Artinya: Dari Ummu Athiyah, bahwasanya Rasulullah saw telah bersabda: “Tidak boleh berkabung seorang perempuan atas satu mayit lebih dari tiga malam, kecuali atas suami (boleh) empat bulan sepuluh hari, dan jangan ia pakai pakaian yang bercelup kecuali kain genggang dan jangan ia bercelak dan jangan memakai bau-bauan, kecuali kalau ia bersih, sedikit dari qusth dan azhfar.
5. Hadis Nabi Muhammad SAW
عَنْ اُمِّ سَلَمَةِ قَالَتْ : جَعَلْتُ عَلَى عَيْنيِ صَبِِرًا بَعْدَ اَنِْ تُوَ فَّيَ اَبُو سَلمَةِ فَقَلَ رَسُوْلُ ا للهِ صَ مَ (اَِنَّهُ يَشِبُّ الوَجْهَ. فَلا تَجْعَلِيهِ اِلاّ بِااللَّيْلِ وَاَنْزَعِيْهِ بِالنَّهَارِ وَلاتمَتشِيطِي بِالطِّيْبِ، َولابِالحِنَّاءِ، فَانَّه خِضَابٌ) قُلْتُ بِأيِّ شَيْءٍ أَمْتَشِطُ ؟ قَالَ (بِالسِدْرِ) (رواه ابوداودوالنّسائيّ).
Artinya: Dari Ummu Salamah, ia berkata: sesudah wafat Abu Salamah saya pakai jadam dimata saya . maka Rasulullah saw.
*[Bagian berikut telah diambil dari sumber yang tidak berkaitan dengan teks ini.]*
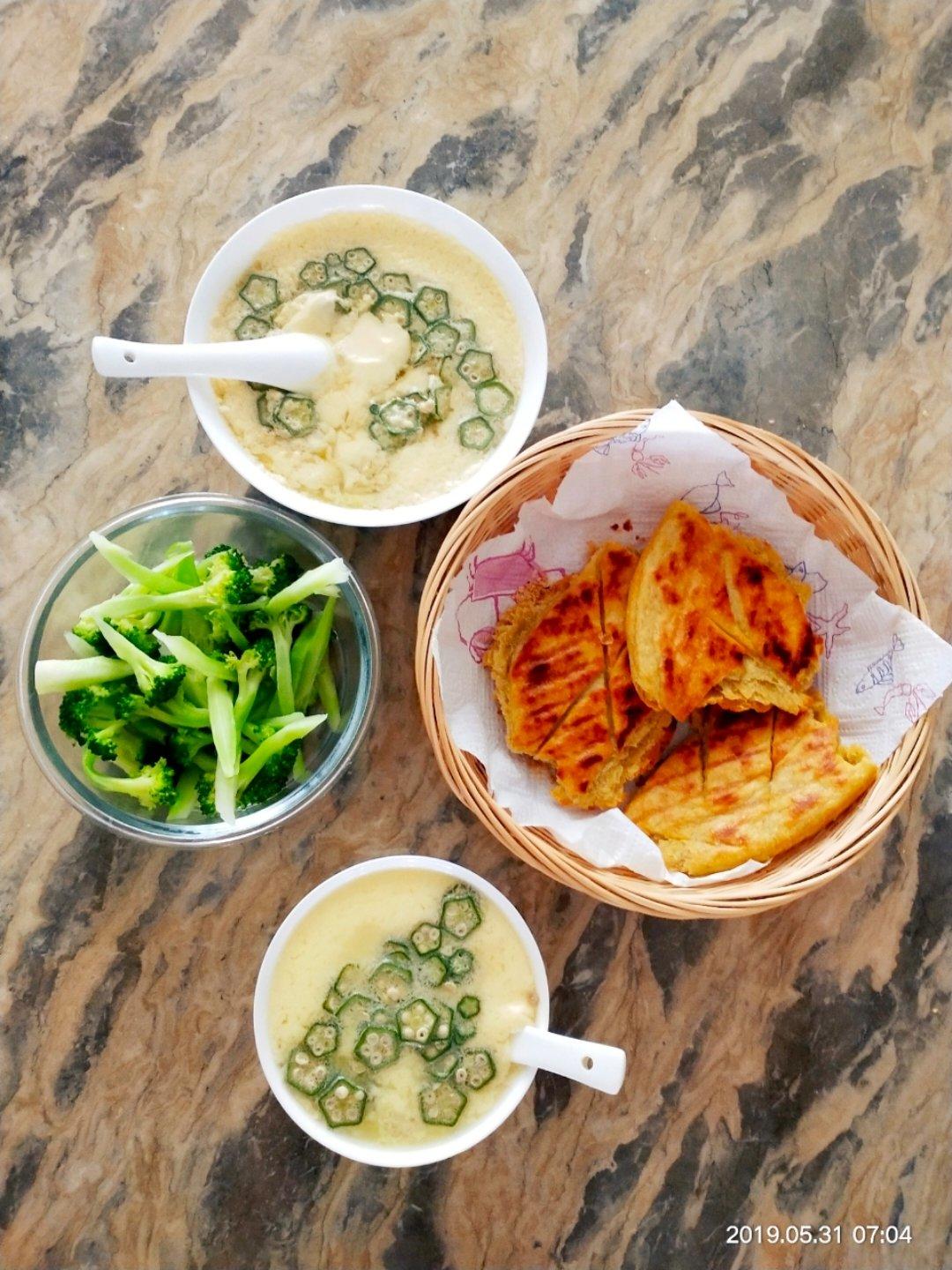 秋葵鸡蛋羹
Bersabda :“Sesungguhnya ia itu mencantikan muka. Maka janganlah engkau pakai dia melainkan pada malam, dan buanglah dia pada siang, dan jangalah engkau bersisir dengan menggunakan barang wangi dan jangan dengan pacar, karena yang demikian itu celupan.” Saya bertanya : Dengan apa saya boleh bersisir ? Jawabnya : “Dengan bidara”.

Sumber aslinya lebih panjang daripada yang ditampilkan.